■ Prompt ■
Please print the entries below exactly, from the line with "Pensao Residencial Teresinha" through the line with "4 mismatched vintage", including both of those lines and leaving out all others.

■ Entries shown ■

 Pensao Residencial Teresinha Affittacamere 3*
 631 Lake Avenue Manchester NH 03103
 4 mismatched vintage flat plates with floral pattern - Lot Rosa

...

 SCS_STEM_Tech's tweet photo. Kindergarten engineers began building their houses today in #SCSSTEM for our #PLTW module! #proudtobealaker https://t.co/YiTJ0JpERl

■ Task response ■
 Pensao Residencial Teresinha Affittacamere 3*
 631 Lake Avenue Manchester NH 03103
 4 mismatched vintage flat plates with floral pattern - Lot Rosa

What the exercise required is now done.